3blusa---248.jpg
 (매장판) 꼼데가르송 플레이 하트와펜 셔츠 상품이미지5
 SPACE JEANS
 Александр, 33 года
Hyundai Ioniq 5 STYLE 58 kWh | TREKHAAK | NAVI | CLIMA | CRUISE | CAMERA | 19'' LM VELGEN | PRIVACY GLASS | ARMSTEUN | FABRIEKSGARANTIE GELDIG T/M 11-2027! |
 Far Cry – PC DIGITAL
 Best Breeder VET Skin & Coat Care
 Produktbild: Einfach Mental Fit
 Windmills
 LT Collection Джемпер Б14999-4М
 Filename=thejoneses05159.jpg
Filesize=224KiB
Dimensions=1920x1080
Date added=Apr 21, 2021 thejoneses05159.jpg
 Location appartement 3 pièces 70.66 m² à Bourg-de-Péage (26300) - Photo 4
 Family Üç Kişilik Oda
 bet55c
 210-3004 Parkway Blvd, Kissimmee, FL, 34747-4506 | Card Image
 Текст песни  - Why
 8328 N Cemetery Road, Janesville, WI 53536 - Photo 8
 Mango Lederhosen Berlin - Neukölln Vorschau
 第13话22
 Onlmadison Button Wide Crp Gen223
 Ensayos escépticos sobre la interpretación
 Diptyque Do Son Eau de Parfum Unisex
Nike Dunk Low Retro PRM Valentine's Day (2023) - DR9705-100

WHAT YOU ARE ASKED TO DO
Each line of the listing above that includes the word "Photo" should be copied.

RESPONSE TO THE TASK
 Location appartement 3 pièces 70.66 m² à Bourg-de-Péage (26300) - Photo 4
 8328 N Cemetery Road, Janesville, WI 53536 - Photo 8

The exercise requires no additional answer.